Most recently, after deciding that the Crocker should be the ultimate home for these paintings, the Joneses added their first painting by Albert Bierstadt. It is a scene of the artist and his family picnicking near Oakland, which provides a thematic link between the Joneses’ East Coast paintings and the Crocker’s California views. Collectively, paintings in the Jones Collection communicate a spirit of American optimism, of transcendental wonderment in nature, of national abundance, and of nostalgia for ways of life that, even as the scenes were being painted, seemed already to be passing. Not only do the paintings celebrate nature with topographical accuracy, they moralize, induce piety, and appeal to viewers’ sense of nationalism by what they include or leave out. Asher B. Durand, for instance, believed that art should be representative, not just imitative, meaning that it needed to “satisfy the mind.” Two landscapes by Durand in the collection manifest his approach. Each is pastoral — the smaller limned in 1857 and the larger in 1866, shortly before and then just after the Civil War. Both include a stream flanked by trees and cows, the latter indicating that this is domesticated land, and that people cannot be far away. In the larger view, there are foreground flowers, possibly a symbol of hope in the wake of the war.
Some works in the Jones Collection blur the boundaries between landscape and genre painting; others depict scenes of everyday American life for its own sake.
Like Durand, most landscape artists in the first half of the century believed that humanity — or evidence of humanity — could be acceptably included in the landscape so long as it increased the communicative power of the natural scene and did not dominate the painting’s message.
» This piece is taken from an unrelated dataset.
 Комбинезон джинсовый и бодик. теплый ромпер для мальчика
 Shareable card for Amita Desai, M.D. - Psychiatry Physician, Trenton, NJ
As the century wore on, this became increasingly true, as both artists and the public became ever-more interested in domesticated scenes.
Some works in the Jones Collection blur the boundaries between landscape and genre painting; others depict scenes of everyday American life for its own sake. As with landscapes, genre paintings had the potential to moralize, induce piety or patriotism, and evoke nostalgia. Following the Civil War, genre scenes also helped unite the country by reminding viewers of shared experiences. John Frederick Kensett’s School’s Out is both a genre and a landscape painting, including children playing outside a distant one-room schoolhouse in a landscape that is itself the primary focus. The painting manifests an American “peace, security, and happiness” that artist Thomas Cole referred to as “freedom’s offspring.”
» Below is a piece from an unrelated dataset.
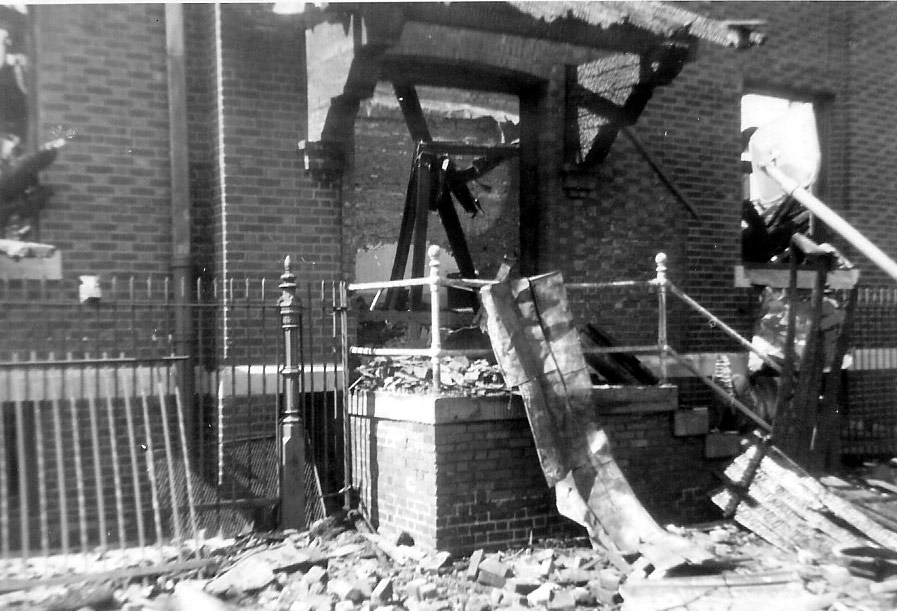 Linden Baptist Church fire aftermath, July 24, 1954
Still-life painters, like their colleagues in other genres, also practiced a highly detailed, polished technique. They too sought to be true to nature and correspondingly strove to idealize or romanticize their paintings through a careful selection and combination of objects, their choices evidencing their faith in America and the potential of its terrain. Severin Roesen is well known for communicating the era’s optimism, and his Still Life with Fruit and Wine is bursting with produce. This is no memento mori intended to remind viewers of their mortality; it suggests just the opposite. Like other Roesen still lifes, it is, as art historian William H. Gerdts describes, “a visual expression of midcentury optimism, of God’s bounty upon the New World as a new Eden.”
American Beauty & Bounty: The Judith G. & Steaven K. Jones Collection of Nineteenth-Century Painting is on view at the Crocker from October 28, 2018, to January 27, 2019.